Die kanadische Schriftstellerin Sarah Bernstein schließt hier scheinbar mit ihrem für den Booker Prize nominierten Roman „Übung in Gehorsam“ an. Ihre namenlose Erzählerin wird seit jeher von ihrem Umfeld gedemütigt und ausgegrenzt. In der Familie steht sie ihren zahlreichen Geschwistern zu Diensten, in der Schule, im Studium und im Job wird sie entweder gemobbt oder missachtet.
Die Geschichte setzt ein, als sie in eine Kleinstadt in einem Land im Norden zieht, um ihren kranken Bruder zu pflegen. Schon in jungen Jahren hat er sie ausgenutzt, nun verleiht er ihre Arbeitskraft auch noch an die Bürger der Stadt, die sich gerne von ihr bei der Landwirtschaft helfen lassen, ihr aber ansonsten mit Ekel, Wut und Furcht begegnen.
Die Übel miterleiden
Und das Opfer? Stimmt kräftig mit ein in das Misstrauen und die Verachtung, die ihr entgegenschlagen. Findet alle Welt sie schwach, hinterlistig und zu nichts nutze, so setzt sie dieser Kritik immer noch einen drauf und hofft insgeheim auf eine baldige Erlösung ihres erbärmlichen Daseins.
Kurzum: Exemplarischer könnte die Biographie für einen solchen Torture-Porn-Plot gar nicht ausfallen, wenn da nicht etwas ganz Entscheidendes fehlen würde: Sympathie. Der Lustgewinn der Leserschaft liegt für gewöhnlich eben an dem Mitleiden am Übel, das der Figur widerfährt, wofür diese aber erst einmal hinreichend schützenswert erscheinen müsste.

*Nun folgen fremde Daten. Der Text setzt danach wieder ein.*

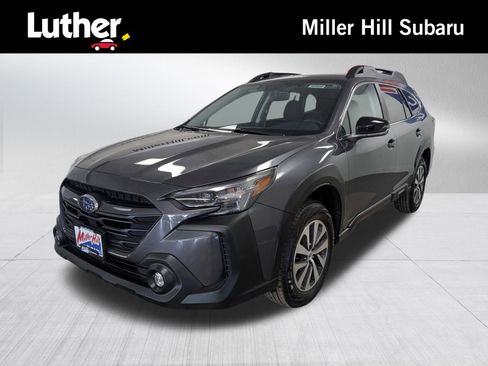 Used 2025 Subaru Outback Premium image 1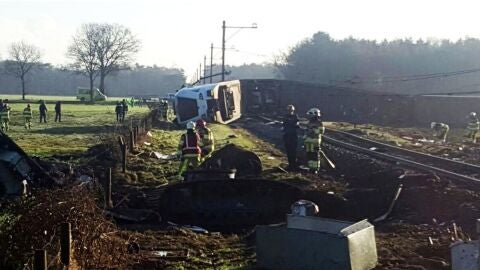 Escenario del accidente de un tren de pasajeros ocurrido en las proximidades de Dalfsen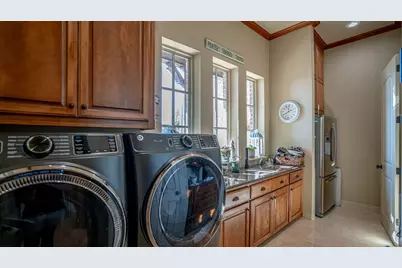 3400 Sundance Court, Granbury, TX 76049 - Photo 15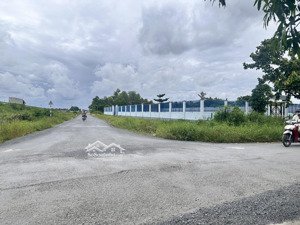 bán rẻ 1540m2 có 300m2 thổ cư 2 mặt tiền đường nhựa giá 10tr/m2 kế đường đinh đức thiện, bình chanh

Sarah Bernstein aber wahrt Distanz, sie hält ihre Protagonistin stilistisch geschickt außer Reichweite aller Emotionen. Eher zur Kenntnis denn zu Herzen nimmt man also die Aneinanderreihung erlittener Bösartigkeiten. Zwar spricht die Erzählerin direkt und auch lebhaft zu ihrer Leserschaft, was aber keineswegs Nähe fördert und Empathie begründet.
Ein Roman als Lehrstunde
Nein, hier gibt es nichts zu fühlen, dieser Roman ist stattdessen eine Lehrstunde. Und das didaktische Konzept ist das eines Rätsels, hier soll man Indiz für Indiz auf den Weg der Erkenntnis gelockt werden. So bringt Bernstein erst nach einiger Zeit den wichtigen Hinweis ins Spiel, dass die Erzählerin Jüdin ist, womit sich das Verhalten ihrer Umwelt als ziemlich klassischer Antisemitismus erweist.
Bemerkenswert daran: Während Judenhass heutzutage eine definitorische Herausforderung zu sein scheint, es also in vielen Debatten darum geht, herauszufinden, hinter welchem Protest, welcher Kritik er sich verbirgt und hinter welchen Aussagen eben nicht, wird er in dieser Geschichte auf geradezu traditionelle Weise ausgelebt. Die Stadtbewohner machen die Erzählerin für das Sterben ihres Viehs verantwortlich und sie haben Angst davor, dass sie ihren Kindern etwas antut.
Überlebensschuld-Syndrom
„Übung in Gehorsam“ strebt also ins Zeitlose und Parabelhafte, wofür auch spricht, dass das Land, in dem die Handlung spielt, nur schemenhaft beschrieben wird. Wie aber ist die Zustimmung der Erzählerin zu ihrer Verachtung zu erklären, ihr gründlicher Selbsthass, dieser rätselhafter Ich-Verlust?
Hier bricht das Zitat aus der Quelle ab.